Material provided Start Marker

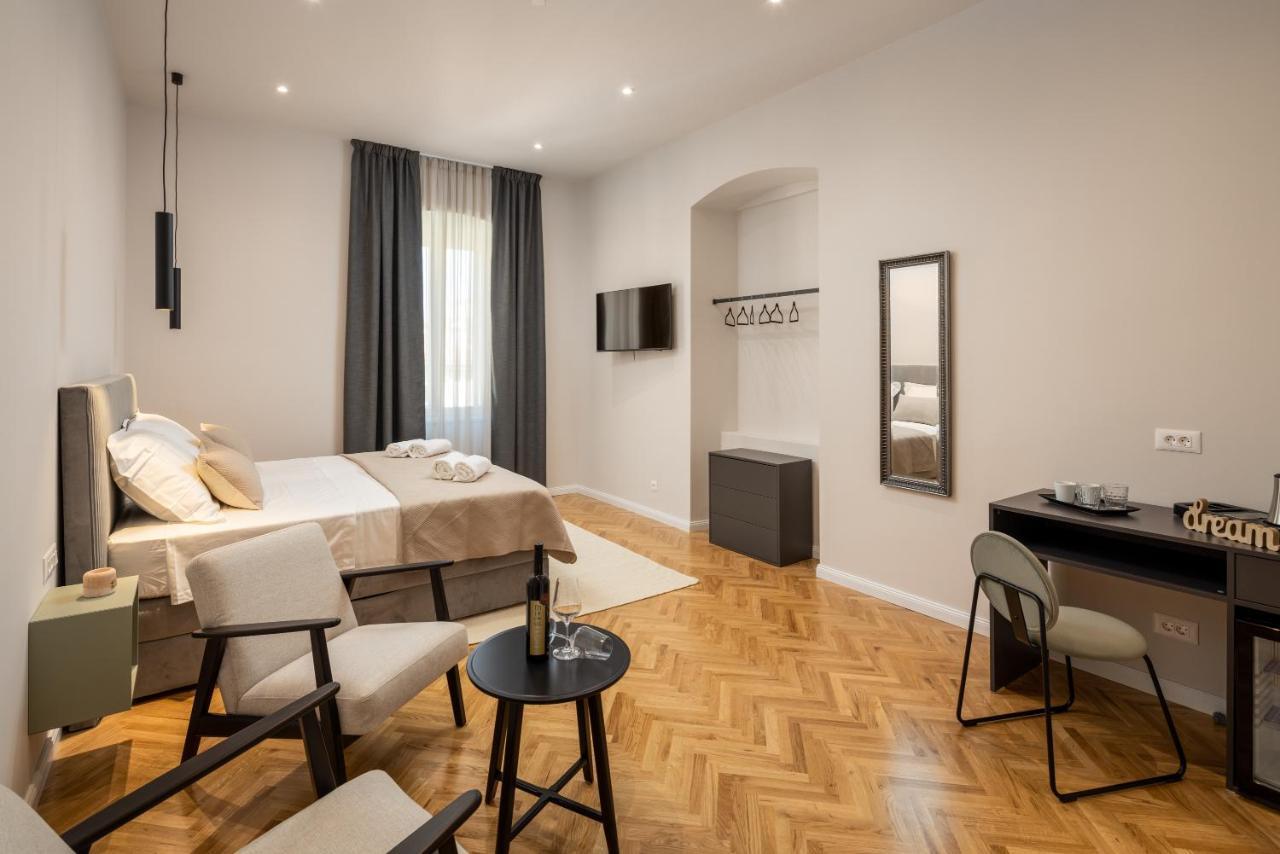 Boutique Lux Rooms Odello Split Old Town المظهر الخارجي الصورة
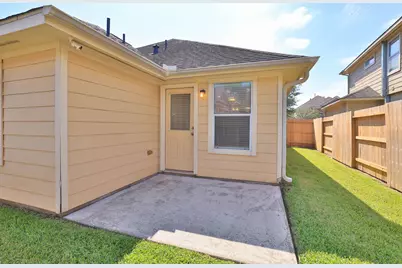 12915 Redbud Shores Lane, Houston, TX 77044 - Photo 33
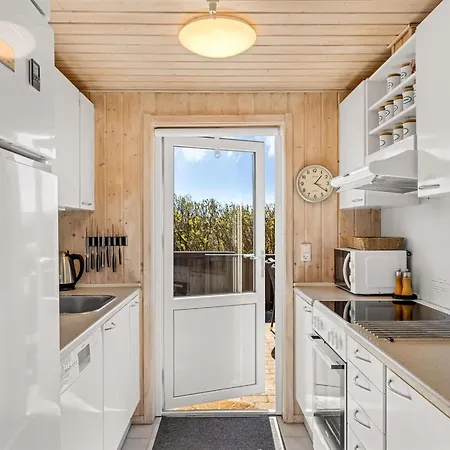 Loryleimis - 300m From The Sea By Interhome Feriehus *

Material provided End Marker

**Problem to work on:** Please return the material above unchanged, with every picture removed.

**Your solution:**
 Boutique Lux Rooms Odello Split Old Town المظهر الخارجي الصورة
 12915 Redbud Shores Lane, Houston, TX 77044 - Photo 33
 Loryleimis - 300m From The Sea By Interhome Feriehus *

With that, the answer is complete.